Task goal:
All lines from the one containing "DAWAN Black Puff" through the last line below must be duplicated exactly, with nothing outside that span.

(Web page caption snippets)
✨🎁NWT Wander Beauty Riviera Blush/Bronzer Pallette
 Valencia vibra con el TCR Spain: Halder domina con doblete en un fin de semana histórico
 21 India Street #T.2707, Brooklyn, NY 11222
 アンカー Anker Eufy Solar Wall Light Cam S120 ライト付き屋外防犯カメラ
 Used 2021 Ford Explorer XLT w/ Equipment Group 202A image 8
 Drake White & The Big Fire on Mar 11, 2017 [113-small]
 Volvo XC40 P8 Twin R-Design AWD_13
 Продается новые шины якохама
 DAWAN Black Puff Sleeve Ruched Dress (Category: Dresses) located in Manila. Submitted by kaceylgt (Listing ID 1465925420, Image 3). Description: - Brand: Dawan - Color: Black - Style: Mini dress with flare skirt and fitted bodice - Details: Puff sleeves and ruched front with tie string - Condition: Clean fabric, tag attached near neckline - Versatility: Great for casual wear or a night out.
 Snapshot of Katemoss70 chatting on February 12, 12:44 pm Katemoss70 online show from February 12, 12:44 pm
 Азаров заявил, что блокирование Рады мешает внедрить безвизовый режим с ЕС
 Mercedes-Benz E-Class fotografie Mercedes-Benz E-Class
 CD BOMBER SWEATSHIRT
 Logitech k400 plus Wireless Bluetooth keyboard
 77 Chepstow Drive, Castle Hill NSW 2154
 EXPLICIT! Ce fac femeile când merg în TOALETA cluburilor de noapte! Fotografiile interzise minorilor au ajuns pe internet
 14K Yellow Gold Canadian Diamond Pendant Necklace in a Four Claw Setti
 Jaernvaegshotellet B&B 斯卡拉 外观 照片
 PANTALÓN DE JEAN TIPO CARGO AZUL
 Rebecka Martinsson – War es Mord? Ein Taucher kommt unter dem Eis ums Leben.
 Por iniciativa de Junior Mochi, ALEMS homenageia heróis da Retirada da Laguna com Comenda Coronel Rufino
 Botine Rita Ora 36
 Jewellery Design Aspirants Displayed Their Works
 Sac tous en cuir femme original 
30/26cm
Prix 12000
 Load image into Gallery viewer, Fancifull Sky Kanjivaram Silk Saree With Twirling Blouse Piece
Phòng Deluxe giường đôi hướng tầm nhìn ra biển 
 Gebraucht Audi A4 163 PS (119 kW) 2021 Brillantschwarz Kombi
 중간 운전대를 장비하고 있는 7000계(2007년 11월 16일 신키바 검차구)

Exercise solution:
 DAWAN Black Puff Sleeve Ruched Dress (Category: Dresses) located in Manila. Submitted by kaceylgt (Listing ID 1465925420, Image 3). Description: - Brand: Dawan - Color: Black - Style: Mini dress with flare skirt and fitted bodice - Details: Puff sleeves and ruched front with tie string - Condition: Clean fabric, tag attached near neckline - Versatility: Great for casual wear or a night out.
 Snapshot of Katemoss70 chatting on February 12, 12:44 pm Katemoss70 online show from February 12, 12:44 pm
 Азаров заявил, что блокирование Рады мешает внедрить безвизовый режим с ЕС
 Mercedes-Benz E-Class fotografie Mercedes-Benz E-Class
 CD BOMBER SWEATSHIRT
 Logitech k400 plus Wireless Bluetooth keyboard
 77 Chepstow Drive, Castle Hill NSW 2154
 EXPLICIT! Ce fac femeile când merg în TOALETA cluburilor de noapte! Fotografiile interzise minorilor au ajuns pe internet
 14K Yellow Gold Canadian Diamond Pendant Necklace in a Four Claw Setti
 Jaernvaegshotellet B&B 斯卡拉 外观 照片
 PANTALÓN DE JEAN TIPO CARGO AZUL
 Rebecka Martinsson – War es Mord? Ein Taucher kommt unter dem Eis ums Leben.
 Por iniciativa de Junior Mochi, ALEMS homenageia heróis da Retirada da Laguna com Comenda Coronel Rufino
 Botine Rita Ora 36
 Jewellery Design Aspirants Displayed Their Works
 Sac tous en cuir femme original 
30/26cm
Prix 12000
 Load image into Gallery viewer, Fancifull Sky Kanjivaram Silk Saree With Twirling Blouse Piece
Phòng Deluxe giường đôi hướng tầm nhìn ra biển 
 Gebraucht Audi A4 163 PS (119 kW) 2021 Brillantschwarz Kombi
 중간 운전대를 장비하고 있는 7000계(2007년 11월 16일 신키바 검차구)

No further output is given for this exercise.